Not only is each part of a beast, if correctly prepared, delicious, but rural tradition demands that nothing be wasted, down to the horns and the hide.

In the cities, more and more lovers of good food are preferring to eat ‘on the wild side’, choosing a steaming bowl of maguru nematumbu over a T-bone steak, or a plate of crisp-fried kapenta and greens over a cheese burger. Cow heels, aka mazondos, are an internatio­nal delicacy. In Lancashire, England, they are made into cow heel pie, while in the Caribbean they are simmered with split peas and okra to make a richly appetising soup. In Zimbabwe, the full-bodied flavour of mazondos simmered with onion, tomato and chilli is something special. This was the dish I wanted to eat two Sundays ago.

Recalling a splendid traditiona­l meal enjoyed at Garwe some five years or so ago, I phoned through a reservatio­n for a table for two, and we set off in the direction of Eastlea.

Turning off Samora Machel Avenue, the road immediatel­y deteriorat­ed. Navigating pot holes at a snail’s pace, we eventually passed Churchill Boys High School, and shortly afterwards, Roosevelt Girls High School. Left into Donald Macdonald

Drive, we searched in vain for the Garwe sign. Four or five cars were parked outside an unmarked entrance. Could this be the entrance to Garwe?

You can tell a lot about a place from the number of cars parked outside. Either the crowds had eaten early and gone home, or Garwe was no longer the flavour of the month.

A narrow path led us past some newly-built cottages, and then opened up into the familiar woodland glade and trickling stream we had visited some years before. The day was overcast, and the restaurant was overhung by trees.

The sight of black table cloths and many empty tables and chairs was not reassuring, but Sally, a bright-faced waitress wearing a clean white blouse, led us to a table in a weak patch of sunlight. Sally smoothed the rumpled table cloth and pulled a piece of paper and a pen out of her pocket.

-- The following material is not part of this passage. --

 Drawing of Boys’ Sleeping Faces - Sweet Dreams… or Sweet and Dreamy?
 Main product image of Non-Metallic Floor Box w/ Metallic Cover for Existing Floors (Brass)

“There’s no menu”, she said. “We can braai you a pork chop or a bream. If you want road runner, it’ll be ready in 20 minutes.”

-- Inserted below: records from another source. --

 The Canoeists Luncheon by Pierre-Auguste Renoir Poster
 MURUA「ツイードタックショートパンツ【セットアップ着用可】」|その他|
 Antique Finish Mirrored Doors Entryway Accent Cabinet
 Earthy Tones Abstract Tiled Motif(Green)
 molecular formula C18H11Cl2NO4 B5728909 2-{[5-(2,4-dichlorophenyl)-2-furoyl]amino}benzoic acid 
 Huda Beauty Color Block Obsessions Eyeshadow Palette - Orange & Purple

Considerin­g the choices, I looked around. In the dark centre of the restaurant, feebly lit by overhead lights, I could make out the shapes of 10 or 12 diners, theirs backs to us. To the left, in an empty and unfinished gazebo littered with straw for thatching, a TV flickered aimlessly.

Could we have entered a twilight zone, a dilapidate­d parallel universe?

Had mazondos been on the menu, things might have turned out differentl­y. Given the choices, we declined both the pork chop and bream, took our leave, and made our slow way over the potholes back to the CBD and to reality.